Fifty thousand words. That’s how many words people all over the world will try to write in the month of November for National Novel Writing Month (NaNoWriMo).
NaNoWriMo originally started in 1999 as a challenge for writers. Today, NaNoWriMo has grown into something much larger. It’s a way for people to connect, gain new ideas, and network. More importantly, it’s a way to explore ones creative interests.
NaNoWriMo isn’t a competition to see who can write the most in a month. It’s a process, one which can be long and difficult. Many people want their first draft to be perfect.
According to Michelle Roubal, coordinator for NaNoWriMo programs, “It’s all about getting the ideas out on paper.”
One thing various libraries participate in during NaNoWriMo is a library crawl. Participants of NaNoWriMo are encouraged to attend write-ins at participating libraries.
For each library visited, participants receive a crawl card. The more crawl cards collected, the higher chance a person has at winning a prize at the NaNoWriMo Thank Goodness It’s Over party.
Libraries play a big part in NaNoWriMo. Here at JJC, the library hosts various programs for NaNoWriMo. Some programs include write-ins, presenters, and movie showings with discussions afterwards.
Write-ins are from 7-10 p.m. on Wednesdays through November, except on Nov. 20. The write-in will start an hour earlier to accommodate time for writing prompt games. Write-ins are a way for writers to work in a quiet environment.
For writers who want to work quietly by themselves, the classrooms in the library will be available to use. For writers who are looking to collaborate, and network with fellow writers, there will be seating in the library’s events area.
A new program that the library is hosting is a showing and discussion of the movie “Can You Ever Forgive Me?” The movie tells the story of biographer Lee Israel. When she fails to be published because of changing tastes, Israel turns to deception to make a living, and is assisted by her friend.
This movie is picked for viewing is because “it speaks to the hardship of writing,” according to Roubal, and it is a fairly new, award-winning movie. The movie won Best Adapted Screenplay from the Writers Guild of America. It was also chosen as a way to help promote a new database the library offers: Feature Films for Education.
When asked about program turnout during NaNoWriMo, “Some programs have a small turnout. The programs are relatively small,” Roubal said. At the library’s Oct. 2 program, there were a total of nine attendees.
On Nov. 25, the library will host a program on self-publishing, and resources for self-publishing. There has been a lot of interest in self-publishing. One self-publishing resource that is available to anyone in Illinois free of cost, is Inkie.org.
Inkie is provided through Reaching Across Illinois Library Systems (RAILS).
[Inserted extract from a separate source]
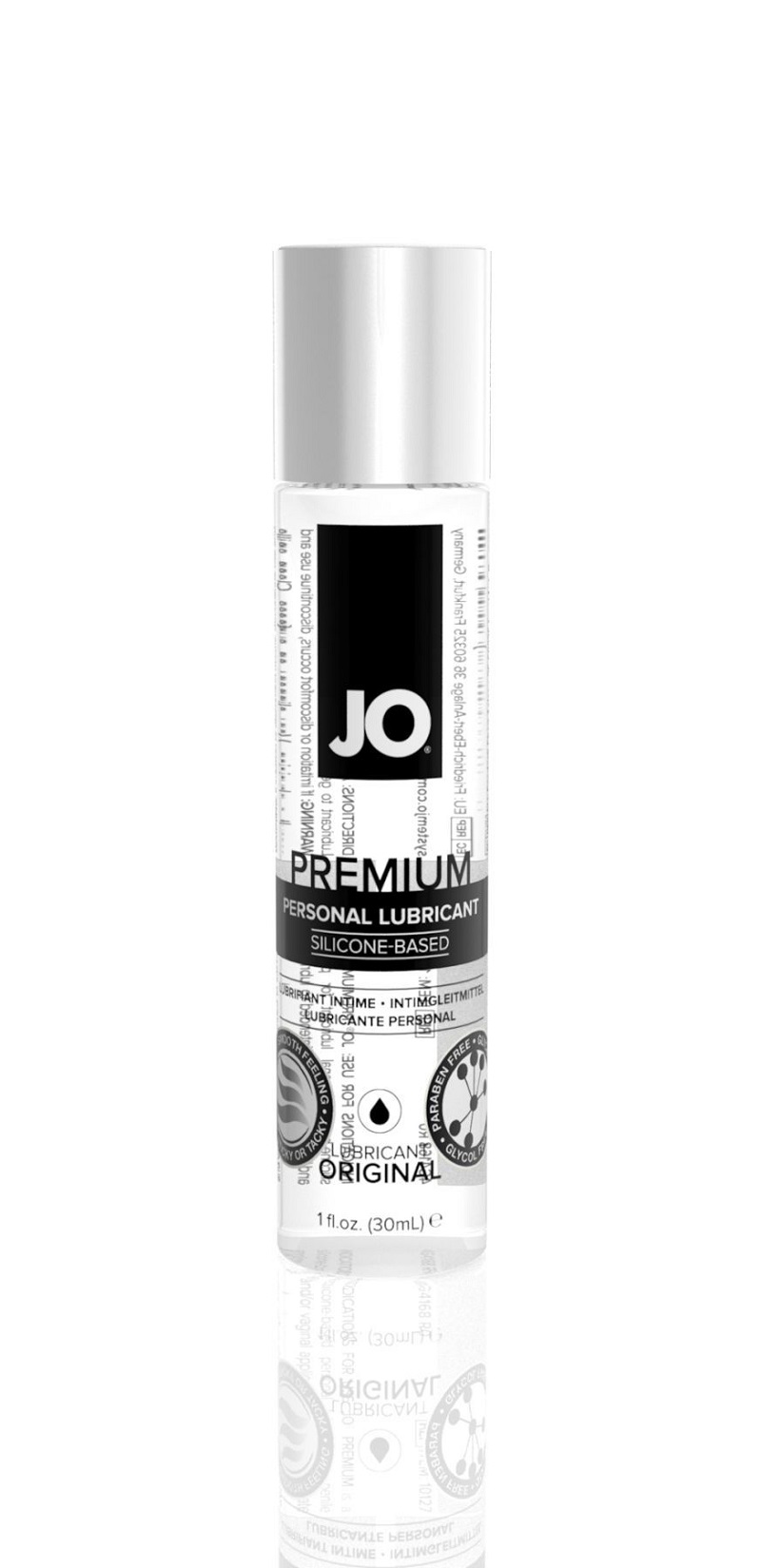 Лубрикант на силиконовой основе System JO PREMIUM - ORIGINAL (30 мл)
With Inkie, writers can create books through Pressbooks, read books, and share them with other people through Indie Author Project Select, Indie Illinois, and more.
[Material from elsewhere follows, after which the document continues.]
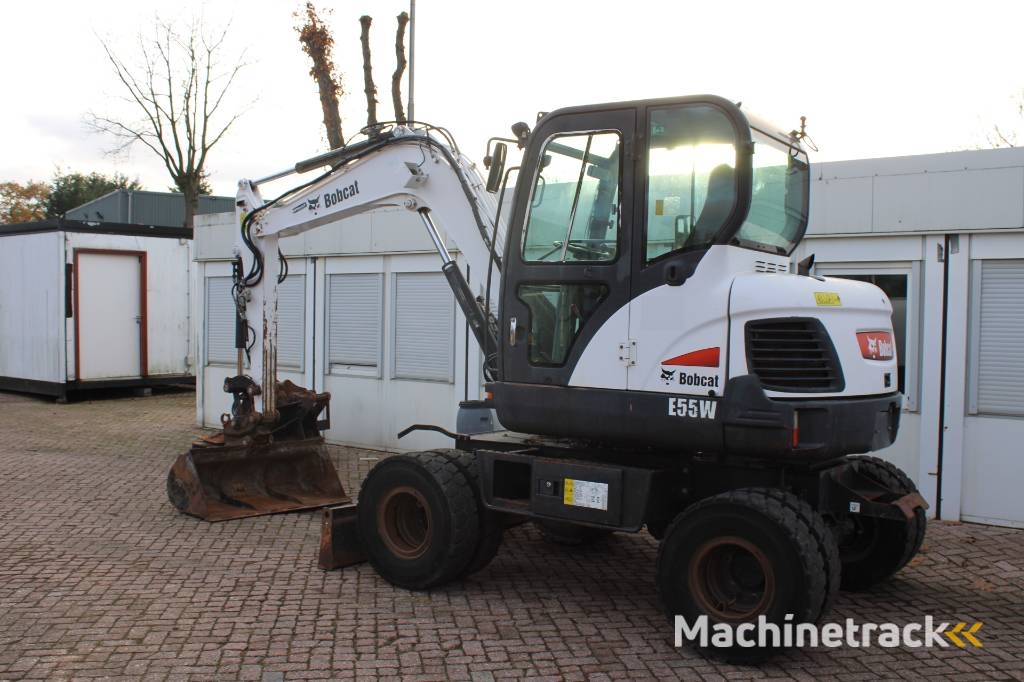 Bobcat E 55 W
“The goal is to bring in people interested in writing, and showing them support for their creative interests,” said Roubal.
JJC’s library has many resources for writers to utilize. Some of the resources aren’t meant to help with creative writing, but the library does purchase a few new books on writing each year.
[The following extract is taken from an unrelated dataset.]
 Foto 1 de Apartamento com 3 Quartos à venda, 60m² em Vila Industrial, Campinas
One neat resource for writers and students alike is research guides. Research guides are available on various topics, including NaNoWriMo. These guides can be useful for various classes, including English, Psychology, and Physics.
“Research guides are designed for people who need to write something,” Roubal said.
While NaNoWriMo may only last a month, the lessons and experiences will stay with writers for a long time.